TASK DETAILS
Look through the records below for the line holding "Новомосковские школьники изучили". Write it out exactly, with each following line through the line holding "Totême Compact Knit".

── DATASET ENTRIES ──

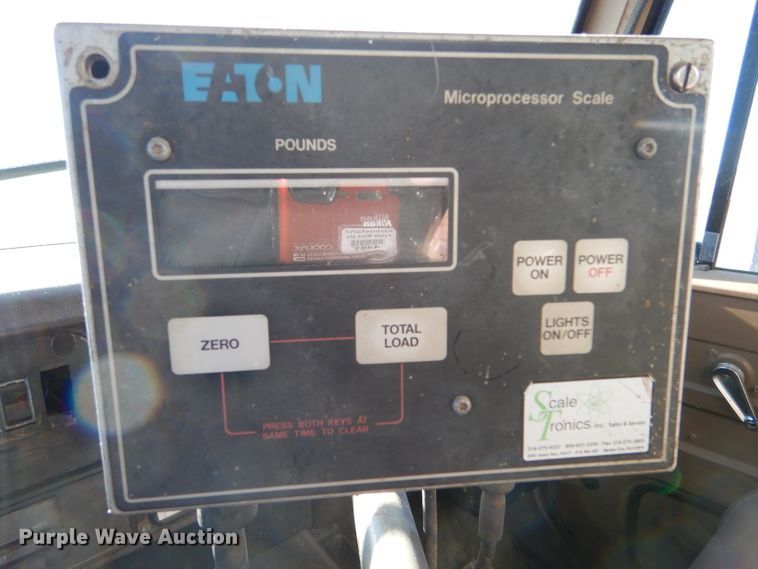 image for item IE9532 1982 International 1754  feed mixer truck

───
── DATASET ENTRIES ──

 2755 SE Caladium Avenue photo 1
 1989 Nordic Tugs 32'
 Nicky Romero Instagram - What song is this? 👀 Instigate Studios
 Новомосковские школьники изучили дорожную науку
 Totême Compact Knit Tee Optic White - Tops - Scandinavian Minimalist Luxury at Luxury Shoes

───

ANSWER SECTION
 Новомосковские школьники изучили дорожную науку
 Totême Compact Knit Tee Optic White - Tops - Scandinavian Minimalist Luxury at Luxury Shoes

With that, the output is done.